Pakistani politician (1954–2020)

Sheikh Muhammad Tahir Rasheed, also known as Tahir Rashid (شيخ محمد طاہر رشيد; 20 April 1954 – 3 June 2020) was a Pakistani politician who was affiliated with the Pakistan Muslim League. He was previously Member of National Assembly of Pakistan (MNA) (1993–1996, 1997–1999) and Member of Provincial Assembly (MPA) (1990–1993). He was also the Central Vice-President of the Pakistan Muslim League.

==Family and education==
He completed his initial education at Millat High School and then Government Emerson College in Multan and graduated from the University of Sindh, Jamshoro.

Tahir Rasheed hailed from a family that traces its roots to Jhajjar tehsil located in Rohtak district India. His grandfather, Sheikh Abdus Samad was assassinated while migrating to Pakistan at the time of the independence of Pakistan in 1947. Tahir Rasheed and his family represent a community which has large business and political interests in the urban politics of Multan city.

His father, Sheikh Muhammad Rasheed, was his political mentor; the former Member of Federal Parliament (Majlis-e-Shoora) in 1980s nominated by General Zia-ul-Haq and elected Member of National Assembly of Pakistan (MNA), when elections were held on a non-party basis for the term 1985–1988.

Tahir Rasheed was married and has three sons, one daughter. The eldest son Muhammad Ahmad Tahir is currently studying abroad. His two other sons are Muhammad Ahsan Yousaf Tahir and Muhammad Asad Ali Asghar, who are currently studying in Multan.

==Political career==
An agriculturist by profession turned to politics in 1987 as an elected councillor of Municipal Corporation Multan. He rose through the political ranks, being elected as a Member of Provincial Assembly (MPA) for the term of 1990–1993. He was elected to National Assembly of Pakistan serving two consecutive terms, the first from 1993 to 1996 and the second from February 1997 to October 1999.

===1990–1993===
In 1990, he contested his first election for the post of Member of Provincial Assembly. He was given a ticket for constituency PP-163 in the remote area of Multan where he was an outsider and his opponent was Makhdoom Hassan Raza. Tahir Rasheed managed to win the seat by a margin of 7,000 votes. For three years he served as an MPA but when Nawaz Sharif resigned along with President Ghulam Ishaq Khan in 1993, assemblies were dissolved and new elections were scheduled.

===1993===
In November 1993, the new President Farooq Leghari called for fresh elections. Tahir Rasheed was once again issued a ticket from Multan but this time, it was for National Assembly of Pakistan from constituency NA-116 where his opponent was Syed Tanveer-ul Hassan Gillani, a Former Federal Minister who is also a cousin of Ex Prime Minister Makhdoom Syed Yousaf Raza Gilani. He was elected MNA on IJI ticket in 1990. In 1993, when the PML-N awarded ticket to Tahir Rasheed, Gilani opted for the PPP ticket.

===1997–1999===
In 1997, new elections were called for again. Tahir Rasheed was given Pakistan Muslim League ticket to contest the elections, from the same constituency NA-116. Again he was up against Syed Tanveer-ul-Hassan Gilani, who is a close relative of Ex Prime Minister Syed Yousaf Raza Gilani and PML-N's Javed Hashmi. However, Tahir Rasheed once again managed to defeat former federal ministers.

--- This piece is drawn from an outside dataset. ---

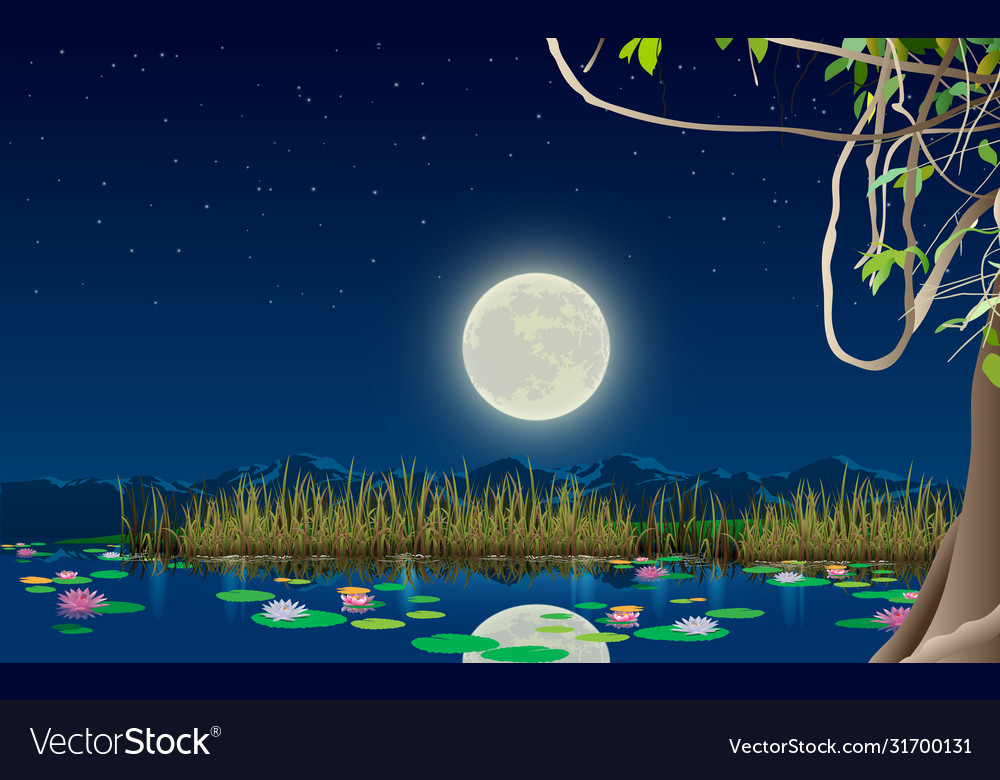 Full Moon Night Near Lake Wallpapers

During this time, Sheikh Tahir Rasheed became a member of Parliamentary Steering Committee (PSC). The PSC was created in response to UNDP's assistance to enhance the professional capacity of the parliamentarians and National Assembly Secretariat and to support other democratic processes. He was one of the members of parliament who was also interested in assistance regarding relations between the Parliament and the media and in making television coverage of Parliament more effective.

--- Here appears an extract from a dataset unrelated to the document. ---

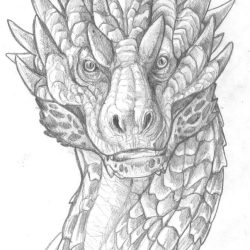 Dragon Face Drawing Intricate Artwork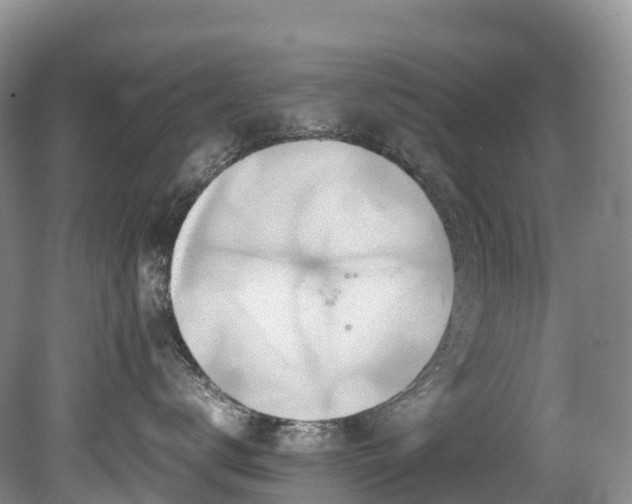 X0000080190672200612081429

In 1998, Sheikh Tahir Rasheed was one of the foremost supporters of the decision taken by the government to develop nuclear weapons.

===2002–2004===
Tahir Rasheed did not participate in the general elections held in 2002, choosing to run instead for Zila Nazim of Multan District in a by election held in 2003.

===2005===
Tahir Rasheed was one of the few people in the PML N who was trying to convince the senior leadership of the PML N to stop supporting the PPP in the ARD as he believed the PPP was not sincere with PML-N and had been taking an advantage of the PML-N to achieve their own objectives and capture the PML-N vote bank.

In August 2005, he decided to join the Pakistan Muslim League due to differences with the party policies and because his supporters were finding it difficult to adjust with the PPP in the ARD.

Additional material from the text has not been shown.